Das Nye County im US-Bundesstat Nevada ist heute alles andere als das, was man als eine belebte Gegend bezeichnen würde. Auf einer Fläche von mehr als 47.000 Quadratmetern leben laut jüngsten Volkszählungen noch nicht einmal 55.000 Menschen, einige Orte hier sind bereits länger Geisterstädte, als sie überhaupt existiert haben. So auch das kleine Berlin, das einst als erfolgreichste Silber-Boomtown im sogenannten Silver State Nevada eine kurze Blütezeit erlebte. Doch der „Bodenschatz“, wegen dem heute Touristen hierher strömen, wurde erst nach dem Edelmetall-Rausch entdeckt.
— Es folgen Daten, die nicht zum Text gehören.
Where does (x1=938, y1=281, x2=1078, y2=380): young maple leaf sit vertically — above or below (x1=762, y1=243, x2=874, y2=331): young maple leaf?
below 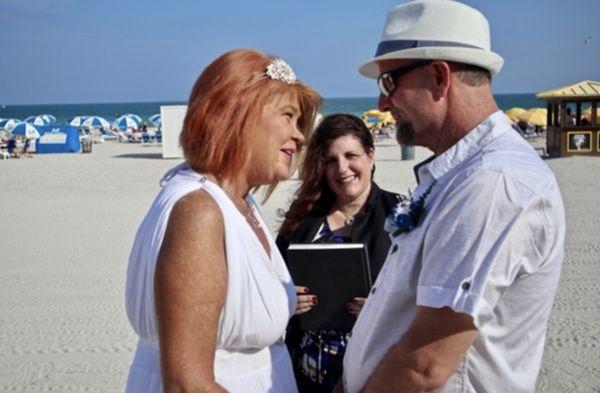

Es ist der Mai des Jahres 1863, als Prospektoren nahe der Shoshone Mountains im sogenannten Union Canyon auf ein gewaltiges unterirdisches Silbervorkommen stoßen. Nur ein Jahr später hat man hier bereits die drei Orte Union, Grantsville und Ione hochgezogen und Stollen in die Berge gegraben, um den Rohstoff auszubeuten, wie die offizielle Tourismus-Seite „Travel Nevada“ berichtet. 1869 findet man erstmals auch im Berlin Canyon den begehrten Bodenschatz, doch eine Mine eröffnet hier erst 1896. Dieses Ereignis markiert auch die Geburtsstunde von Berlin, Nevada.
Boomtown mit Dame
Zu dieser Zeit kann noch niemand ahnen, dass der Traum vom schnellen Reichtum in Berlin nur 15 Jahre später schon wieder vorbei sein wird. Doch zunächst einmal boomt der Ort, der eigentlich nicht mehr ist als ein paar behelfsmäßig zusammengezimmerte Bretterbuden. Neben den Minenarbeitern kommen Holzfäller und Köhler, es gibt sogar einen Doktor und eine Krankenschwester. Eine Dame für ganz besondere, nun ja, Bedürfnisse, hat ebenfalls ihren Weg hierher gefunden. Bei bis zu 250 hauptsächlich männlichen Einwohnern, die Berlin auf seinem Höhepunkt zählte, dürfte sie ein erkleckliches Leben geführt haben.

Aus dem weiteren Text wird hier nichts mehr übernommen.